Has anyone had experience with a horrible mother-in-law? Not the stereotypical joke, but the kind that you figure out after everything falls apart, was you and your spouses main problem? 
She lived near or with us the entire time and before(at my spouse's request).

After a little time of freedom I can see how she manipulates situations and people. Lies to your face and behind your back. Creates an atmosphere of dread for those living around her. 

I can see why my stbx has not attempted to reconcile:
1.her 
2.her mom's poisoned mind and heart
(I heard her telling her it would never work one night.) 

Everything is about her(meaning mom), it sickens me to see what could have been a lovely, smart, strong woman treated like a little girl, but doing grown-up things and being made to feel subservient while being denigrated by someone that should be a nurturer. she will then swoop in to her defense. It amazes me how well you can treat two people and they either ignore it all and don't defend you or they refuse to remember it. Unfortunately, her mom also had influence over me for a while and made things rough for her daughter. After all was said and done she flipped on me in a matter of days. 

The part that gets me the most, is how she claims to see it, but gives in half way into admitting what is reality. 

Any thoughts, personal experience, or advice?
Btw I learned my lesson already never again


----------



## Toffer (Jan 31, 2012)

Agast, 
I know what you mean even though my situation is nowhere as bad as yours was.

My MIL systematically (because of her now dead husband) lost all of her friends.
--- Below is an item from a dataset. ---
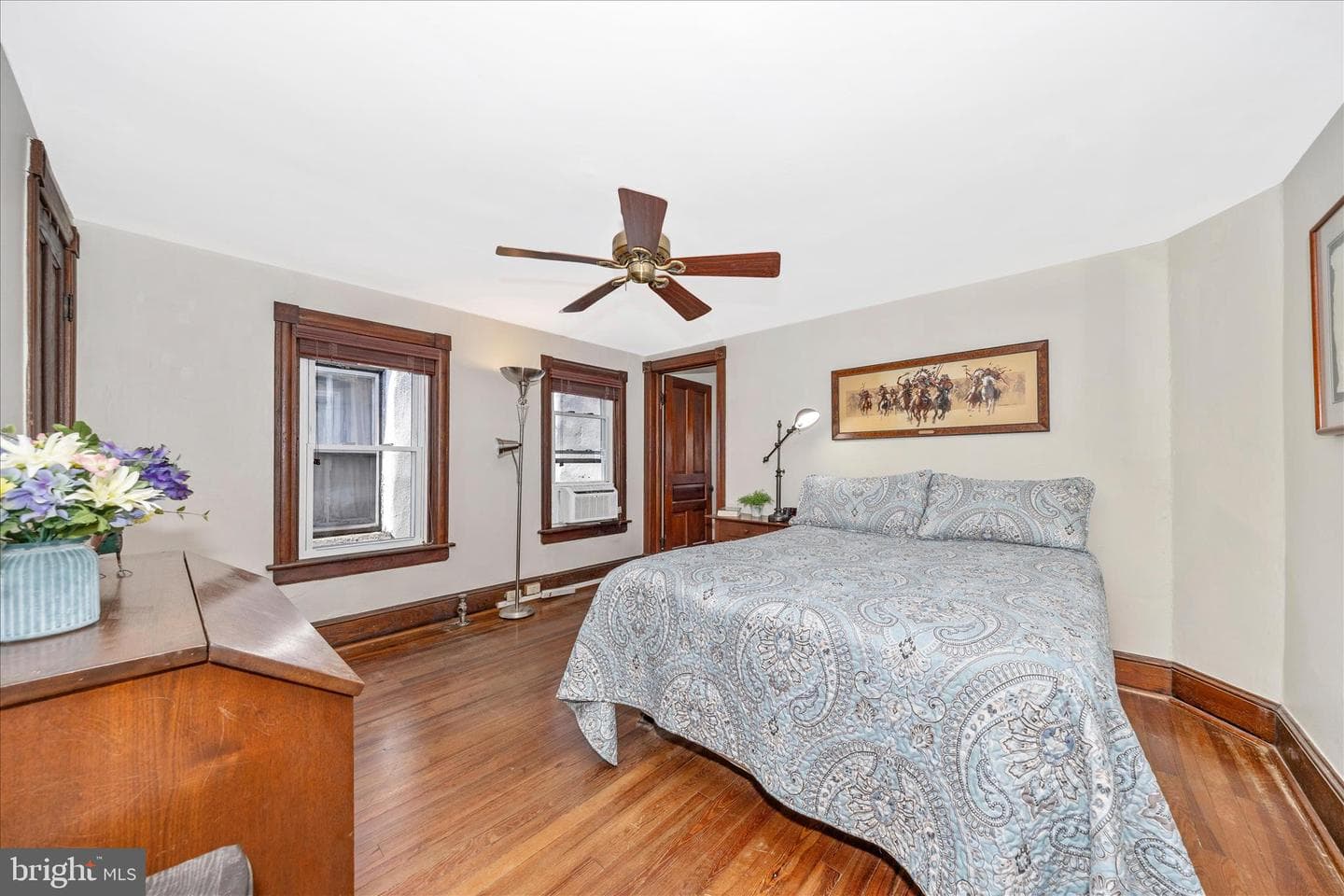 24 E 8th Street photo 24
My wife's two other siblings are never around to help the MIL with anything and actually moved about 2 hours away so it all falls in my wife's lap.
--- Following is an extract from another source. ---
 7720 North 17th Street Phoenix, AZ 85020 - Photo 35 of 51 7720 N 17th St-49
My MIL is retired and is at my house almost every day until after she gets fed dinner. My wife will often sit and eat with her leaving me to dine alone most evenings during the week.
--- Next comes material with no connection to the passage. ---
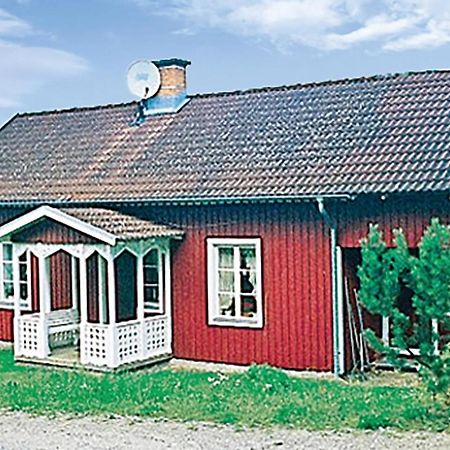 3 Bedroom Beautiful Home In Kristdala Malghult Exterior foto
If we go out for dinner, the MIL will say that wherever we go is fine, she's not picky. The truth is she's very picky and complains about everything!

I have even told my wife that if her mom ever moved in with us, ther's be a good chance that I would move out and I hope that they'll be very happy together!


----------



## Agast84 (Dec 26, 2011)

Toffer said:


> Agast,
> I know what you mean even though my situation is nowhere as bad as yours was.
> 
> My MIL systematically (because of her now dead husband) lost all of her friends. My wife's two other siblings are never around to help the MIL with anything and actually moved about 2 hours away so it all falls in my wife's lap.
> ...


I always thought it was supposed to be the husband's mom that made the W feel bad, not her own mother. You more or less get what I mean though. I wish things wern't like they are for me, but man, I am glad to be away from her mom(and her in many ways).


----------